### WHAT TO PRODUCE
From the first line to the last, repeat the data exactly and drop the pictures.

### DATASET EXTRACT
======

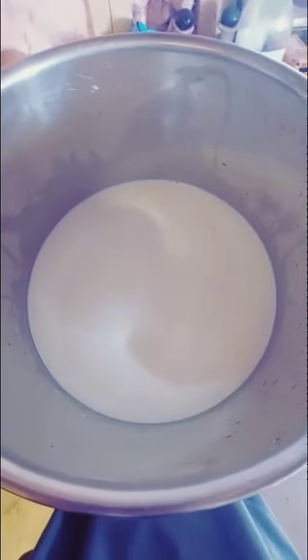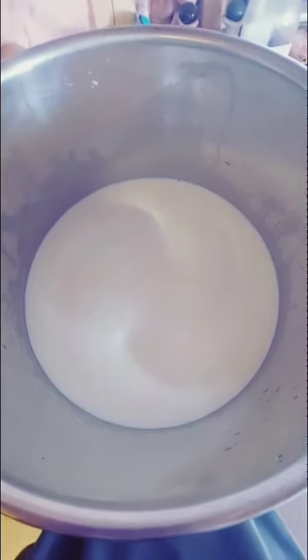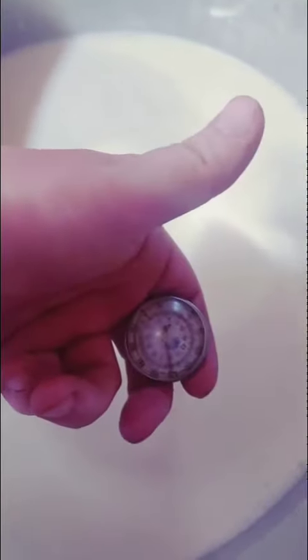Today's adventure is making yogurt. There are seven liters of milk in this pot. I start by heating my milk up to 172 degrees Fahrenheit. Once it hits 170 to 180 degrees, I take it off the heat and transfer it over into my crock pot.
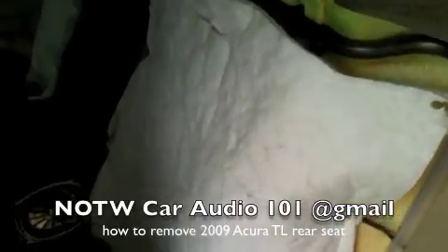California working on a 2009 Acura TL. I'll be showing you how to remove the back seat.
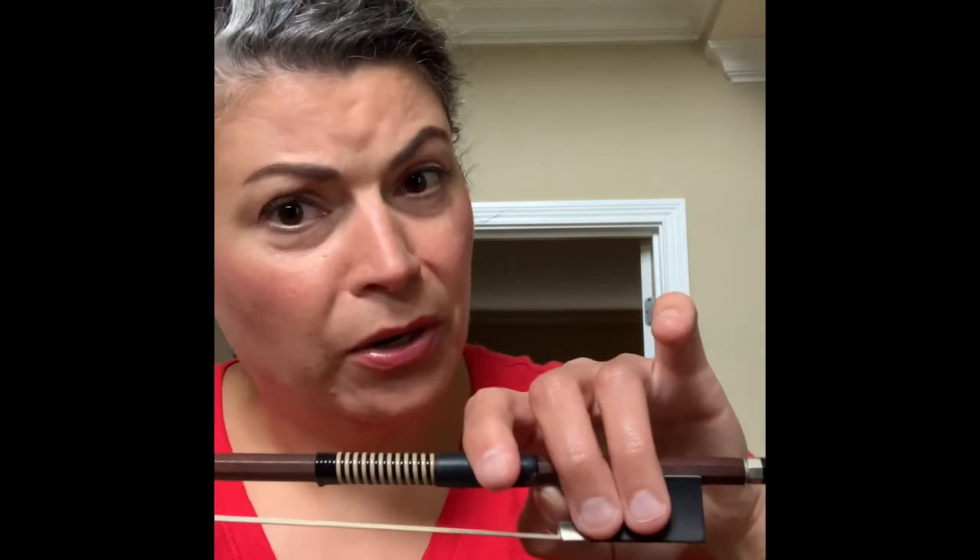Now this finger is going to flop, just flop over a little bit on its side. What you're going to notice is that we're going to have one knuckle on your side and one knuckle on my side — it's really the flat part of this finger on the bow stick. It's kind of hard to see. It's the flat part that's on the bow stick. This knuckle here is on my side, this knuckle is on your side.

======

### EXPECTED OUTPUT
Today's adventure is making yogurt. There are seven liters of milk in this pot. I start by heating my milk up to 172 degrees Fahrenheit. Once it hits 170 to 180 degrees, I take it off the heat and transfer it over into my crock pot.
California working on a 2009 Acura TL. I'll be showing you how to remove the back seat.
Now this finger is going to flop, just flop over a little bit on its side. What you're going to notice is that we're going to have one knuckle on your side and one knuckle on my side — it's really the flat part of this finger on the bow stick. It's kind of hard to see. It's the flat part that's on the bow stick. This knuckle here is on my side, this knuckle is on your side.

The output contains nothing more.